#### TASK INSTRUCTIONS:
From the line containing "this 420×303 image." onward, every line of the entries is to be set down exactly, the last line included.

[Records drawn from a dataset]
┌──
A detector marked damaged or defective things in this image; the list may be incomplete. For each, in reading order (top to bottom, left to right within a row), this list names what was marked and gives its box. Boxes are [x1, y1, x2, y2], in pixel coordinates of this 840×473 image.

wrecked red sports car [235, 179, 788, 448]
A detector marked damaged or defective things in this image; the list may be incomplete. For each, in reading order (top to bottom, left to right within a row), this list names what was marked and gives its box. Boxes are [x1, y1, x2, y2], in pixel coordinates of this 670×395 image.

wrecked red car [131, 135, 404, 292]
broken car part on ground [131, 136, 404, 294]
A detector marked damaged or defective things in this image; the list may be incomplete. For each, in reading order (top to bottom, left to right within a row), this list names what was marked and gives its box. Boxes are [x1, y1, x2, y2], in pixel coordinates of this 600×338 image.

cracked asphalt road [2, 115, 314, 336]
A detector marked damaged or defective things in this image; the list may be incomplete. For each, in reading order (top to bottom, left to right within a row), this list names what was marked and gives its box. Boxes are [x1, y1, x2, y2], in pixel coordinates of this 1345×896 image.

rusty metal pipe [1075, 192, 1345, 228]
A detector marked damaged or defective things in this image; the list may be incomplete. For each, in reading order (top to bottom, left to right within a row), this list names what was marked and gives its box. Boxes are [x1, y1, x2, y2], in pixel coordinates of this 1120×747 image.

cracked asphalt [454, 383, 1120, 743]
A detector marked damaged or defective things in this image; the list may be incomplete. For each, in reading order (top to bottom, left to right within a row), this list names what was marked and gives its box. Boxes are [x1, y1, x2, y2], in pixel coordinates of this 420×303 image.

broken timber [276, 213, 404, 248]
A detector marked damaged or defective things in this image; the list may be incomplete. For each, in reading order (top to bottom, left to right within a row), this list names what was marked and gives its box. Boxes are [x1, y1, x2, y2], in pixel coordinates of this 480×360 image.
└──
#### EXPECTED OUTPUT:
A detector marked damaged or defective things in this image; the list may be incomplete. For each, in reading order (top to bottom, left to right within a row), this list names what was marked and gives its box. Boxes are [x1, y1, x2, y2], in pixel coordinates of this 420×303 image.

broken timber [276, 213, 404, 248]
A detector marked damaged or defective things in this image; the list may be incomplete. For each, in reading order (top to bottom, left to right within a row), this list names what was marked and gives its box. Boxes are [x1, y1, x2, y2], in pixel coordinates of this 480×360 image.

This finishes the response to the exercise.